Space Needle to get a $100M facelift with better views, floor-to-ceiling glass

This rendering shows a cross-section of the tophouse of the Space Needle. It shows such renovations as exterior glass barriers and additional doors and stairways. (Rendering courtesy of Olson Kundig)

SEATTLE -- The Space Needle promises better views and floor-to-ceiling glass on the interior and exterior in the third renovation in the 55-year-old landmark's history.

This $100 million renovation, known as the Century Project, will also include a restaurant with a rotating glass floor. The renovation was announced Monday.

“I believe we’ll look back at this as a pivotal moment in the history of the Space Needle,” said Jeff Wright, chairman, Space Needle LLC., said in a news release. “This project both connects us back to our roots, to the vision that my father and his partners had when they built the Space Needle in 1962, and guides us forward into the future for generations to enjoy.”

The project includes design firm Olson Kundig led by design principal, Alan Maskin, and project architect, Blair Payson.

The Space Needle said the team worked with the the City of Seattle Landmarks Preservation Board, local architecture historians and preservationists, a surviving original Space Needle structural engineer and the community" to be consistent with the original design intent and respect the character-defining features of the Space Needle."

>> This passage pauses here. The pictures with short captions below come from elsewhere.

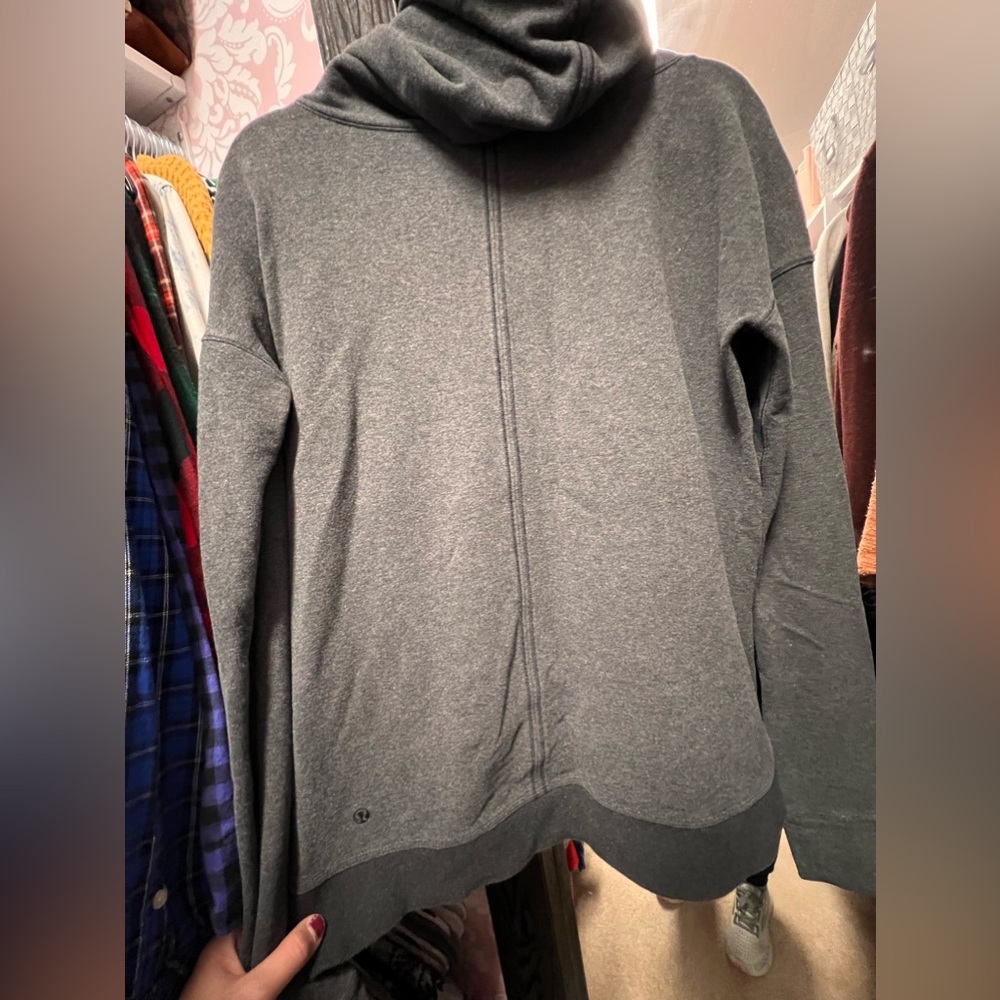 Lululemon women’s cowl neck pullover/sweatshirt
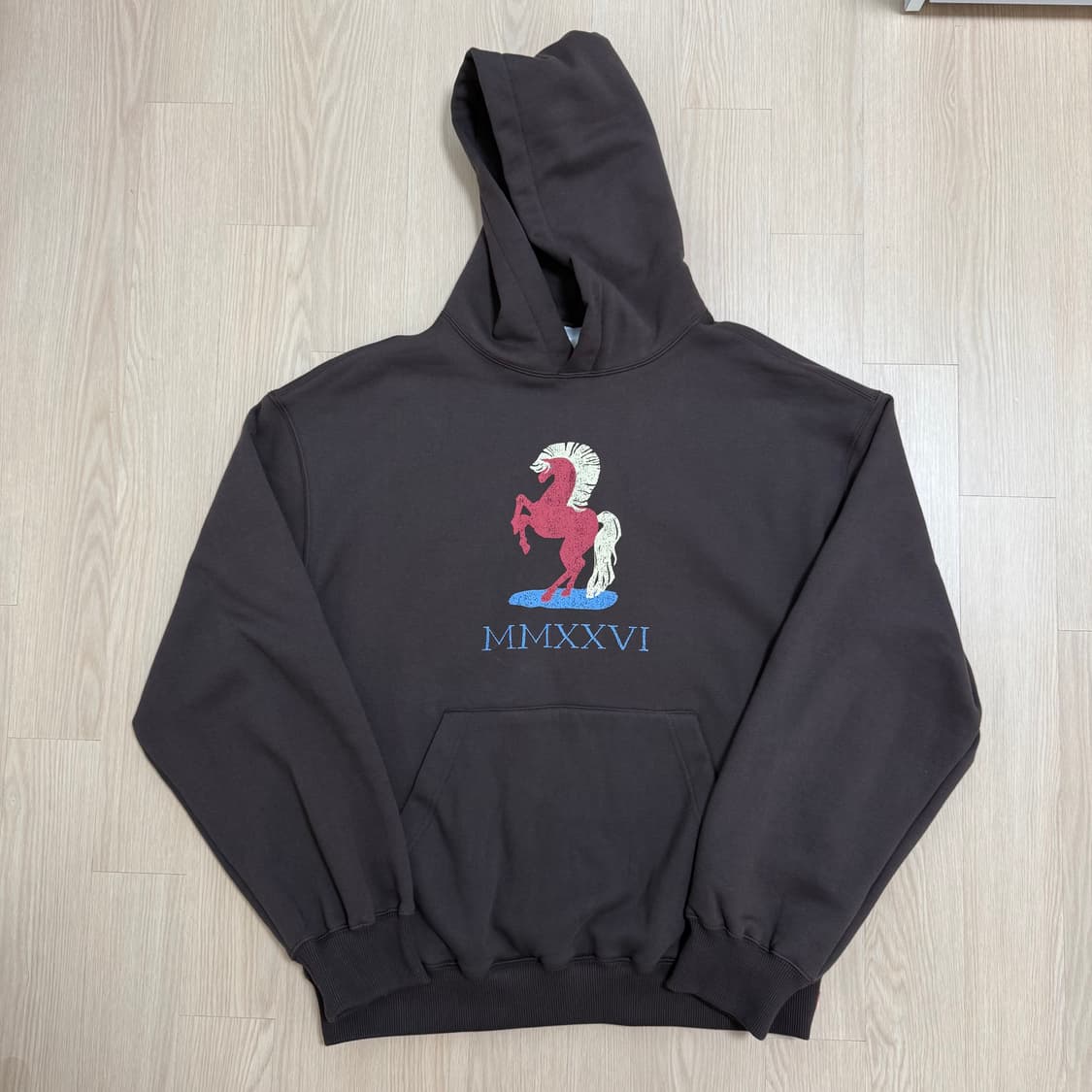 아이앱 스튜디오 레드 홀스 후디 브라운 상품이미지1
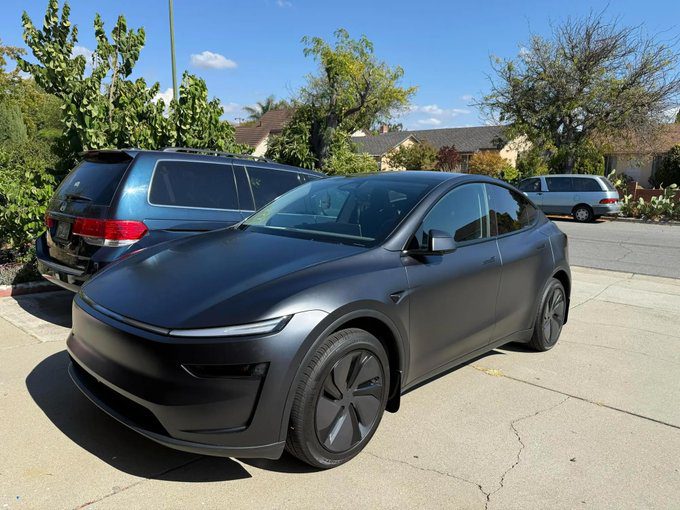 Model Y Juniper full body PPF kit in clear matte film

The Space Needle says among the key features of the renovation are :

  • New glass structural barriers will replace the wire safety “caging” on the outer open-air observation deck.
  • The new exterior glass barriers will match the flow of the building, dipping outward at a small angle, offering a seamless sight line.
  • Sleek, canted glass benches will be affixed to alternating glass barriers on the outer open-air observation deck.
  • In the interior, floor-to-ceiling glass will take the place of low-level exterior walls creating uninhibited views from the moment guests step off the elevator.
  • In the interior, a dramatic new open circular stairway made of steel, wood, and glass will wind down from the observation deck to the restaurant level. At the base of the new open stairway will be a glass-floored oculus revealing views of the Space Needle’s steel superstructure, as well as the elevators and counterweights ascending and descending.
  • The restaurant level will also feature floor-to-ceiling glass and will upgrade its original rotating floor to one of glass, creating an awe-inspiring new view — a look down to the Space Needle’s structure itself, the mechanics of the rotating floor, and the sprawling Seattle Center campus below.
  • On the observation deck, there will be improved accessibility with a custom-designed, state-of-the-art ADA lift and improved access with the addition of double-sized doors and wide stairways allowing for a more gracious, crowd-friendly ingress and egress to the outer deck.

Work by Hoffman Construction Co. and Seneca Group will start in September, though some initial work will be done this summer. The initial phase of construction is expected to end by June 2018. Later phases of the project will include completion of the restaurant and lounge, updated and repainting the needle.